Sonntag, 09 Dezember 2012 17:55

Nach kontroverser Diskussion – Haushalt 2013 in der Ratsversammlung beschlossen

Ali Demirhan (Grüne): „Wir haben keinen Dukaten-Esel in der Stadt und wenn das so weiter geht, dann ‚Gute Nacht‘.“

Rathaus Geesthacht

Ratsversammlung beschließt Haushalt 2013 auf ihrer letzten Sitzung in diesem Jahr. Foto: T. Bartel

 

Geesthacht (tba). Nach Meinung des Bürgermeisters Dr. Volker Manow geht es Geesthacht vergleichsweise gut und so seine Worte: „Wir werden die Stadt auch 2013 ein gutes Stück voranbringen..“ Die Zahlen, die auf der letzten Ratsversammlung in diesem Jahr vorgelegt wurden, lassen allerdings wenig Optimismus aufkommen, denn ohne weitere Einsparungen und eventueller neuer Kreditaufnahmen wird es Probleme an allen Ecken und Enden geben.

Fakt ist zunächst, dass die Stadt mit Einnahmen in Höhe von circa 43.5 Millionen Euro im kommenden Jahr rechnet. Demgegenüber stehen allerdings Ausgaben in Höhe von rund 48 Millionen Euro. Die so entstehende Differenz von circa 5 Millionen Euro trägt die Stadtkasse aus bestehenden Rücklagen, was allerdings die Substanz dieser erheblich verringert.

„Wenn das so weitergeht“, sagte dann der Grünen-Chef Ali Demirhan, „kann ich nur noch ‚Gute Nacht‘ sagen, denn es geht nur noch an die Substanz.“

Zuvor hatte er im Namen seiner Fraktion für die Einführung einer Vermögenssteuer plädiert, was nach seiner Rechnung der Stadt circa 7 Millionen Euro Mehreinnahmen für 2013 bescheren würde. Da die Ratsversammlung die Einführung nicht allein beschließen kann, stellte er den Antrag, die Ratsversammlung möge dem „Bündnis Vermögensteuer“ beitreten und entsprechende Anträge beim Land und Bund stellen.

 

Ali Demirhan

Ali Demirhan (Grüne) forderte im Namen seiner Fraktion die Einführung einer Vermögenssteuer. Foto: T. Bartel

 

Karsten Steffen (CDU) hielt von diesem Antrag überhaupt nichts. „Das geistert durch diverse Gremien in allen Kommunen und ist alles nur Wahlkampfgeplänkel“, so seine Stellungnahme zum Antrag der Grünen, „wir sind gegen eine solche Steuer, denn was einmal versteuert ist, darf nicht nochmals versteuert werden.“

Offensichtlich hatte der CDU-Chef die besseren Argumente und so wurde der Antrag der Grünen, unterstützt von der SPD, mit 15-Ja zu 16-Nein Stimmen abgelehnt, wie Bürgervorsteher Peter Groh zu Protokoll gab.

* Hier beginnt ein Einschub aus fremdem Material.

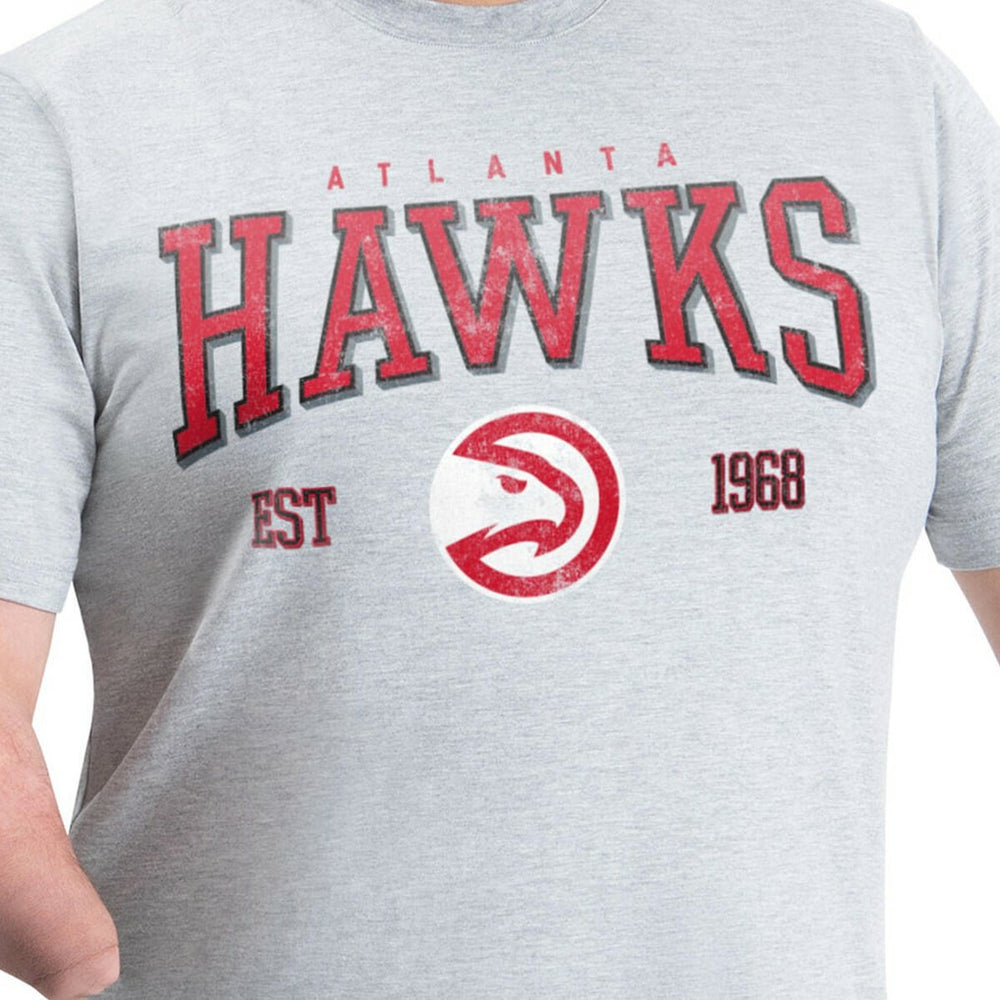 Atlanta Hawks G-III Sports by Carl Banks Adaptive Classic Team Spirit Short Sleeve T-Shirt Gray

Auch die Schaffung neuer Gewerbeflächen gestaltet sich schwer, wie Bürgermeister Manow zu berichten hatte: „Wir müssen hier auf Flächen der Landwirte zurückgreifen, aber diese verlangen immer mehr Geld und irgendwann werden diese Flächen dann nicht mehr bezahlbar oder für Gewerbetreibende auf Grund der hohen Investitionskosten unattraktiv.“

Auch der Antrag der Grünen, den Zuschuss zur Messe „Schaufenster“ der Wirtschaftlichen Vereinigung Geesthacht (WVG) zu kürzen wurde von den anderen Fraktionen abgelehnt. Bereits im Vorwege hatte Torsten Wilms (WVG) angekündigt: „Wir brauchen diesen Zuschuss und wenn dieser um 50 Prozent gekürzt wird, wie es hier gefordert wird, wird es diese Messe nicht mehr geben.“

Bevor der Haushalt 2013 dann doch nach einer vierstündigen Sitzung von allen Fraktionen genehmigt wurde, herrschte wenigstens in zwei Punkten Übereinstimmung. Auf Antrag der SPD und der Grünen werden die Kosten für Ehrengeschenke für ausscheidende langjährige Ratsmitglieder (bisher Goldmünze) um 10.000 Euro gesenkt und einen Neujahrsempfang im Rathaus wird es auch geben, und zwar am 13. Januar um 11 Uhr und dies mit einer tollen Dia-Show, wie Bürgermeister Manow betont.